The Blag

Logic, Computer Graphics, OCaml, Rust, etc.

06 Aug 15

OCaml Compiler Hacking: how to add a primitive

I have been hacking on the OCaml compiler recently; in particular, I added some support for coloring warning/error messages. At some point during the discussion over this pull request, it became clear that colored output should only be enabled if stderr was an interactive terminal (in opposition to a regular file handle or whatnot). The compiler does not link with the Unix library, so I finally decided to add a primitive caml_sys_is_interactive. My purpose here is to explain how it works (from what I gathered) and how to do it.

I am not a compiler expert, some of the explanations here might be wrong or misleading. If you spot mistakes I will be happy to fix them.

What is a primitive?

OCaml allows C functions to be used directly as primitives, that is, as basic operations of the language. The stdlib is full of such functions.

A primitive (generally named caml_foo since C is not namespaced) is generally located in a C file in byterun/ (the directory containing the interpreter and runtime of OCaml). It is prefixed with CAMLprim and should take and return only C values of type value (that is, an OCaml value, as declared in byterun/caml/mlvalues.h).

Let's take an example: Sys.file_exists : string -> bool. The module sys.ml contains the following signature:

external file_exists : string -> bool = "caml_sys_file_exists"

and there is, in byterun/sys.c, the function caml_sys_file_exists (here in a simplified form):

CAMLprim value caml_sys_file_exists(value name)
{
    struct stat st;

    char *p = String_val(name);
    int ret = stat(p, &st);

    return Val_bool(ret == 0);
}

This function uses macros defined in byterun/caml/mlvalues.h to convert between OCaml values and C values, but this is not the point of this post.

note: I have no idea how CAMLprim works, but there is a lot of magical automation that extracts a list of all primitives, exports their names in C arrays, etc.

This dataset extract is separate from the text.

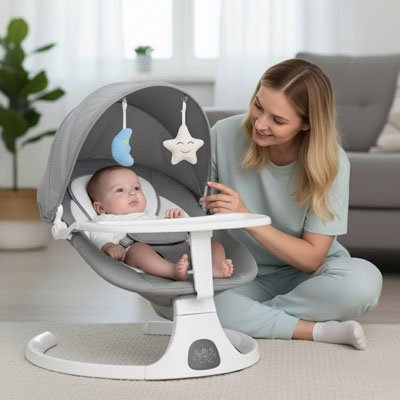Balancelle bebe avec télécommande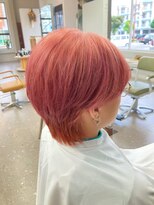 マップデザイン(map design)&nbsp;【map design】ピンクベージュ×ショートウルフ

A primitive is a C function shipped with the runtime or a library (such as Unix), whereas some other functions are CAMLexport or CAMLlocal (I don't know exactly what that means).

edit: @gasche points that all the CAMLfoo primitives are documented in the official manual. In particular, writing C "stubs" (C functions that can be used directly from OCaml via a external declaration) requires, in general, using CAMLparam and CAMLlocal to ensure that the GC is aware that some values exist (either as parameters to the function, or as local variables).

How to add a primitive: Bootstrap!

It is a bad™ idea to add a primitive to, say, byterun/sys.c and use it in the compiler immediately. I tried it, and it failed to compile. The correct way, as I learnt from Jérémie Dimino (@diml) and Thomas Refis, is as follows:

  1. add the primitive into the relevant .c file, but do not use it yet anywhere in the compiler.

  2. make world. This compiles the interpreter and bytecode compiler.

  3. make bootstrap. This updates the bytecode archives (in boot/) of ocamlc, ocamldep, and ocamllex.

    Then, commit those new archives, as they will be needed to compile the compiler.

  4. make changes that use the new primitive, such as fancy coloring system. Using the primitive first requires to declare it as external foo : a -> b = "caml_foo" in one or more files.

    In other projects, ctypes can be used instead of writing primitives by hand, depending on the programmers' preference.

  5. make world world.opt tests should now work properly.

  6. argue with @gasche about whether the primitive is useful or not ;-)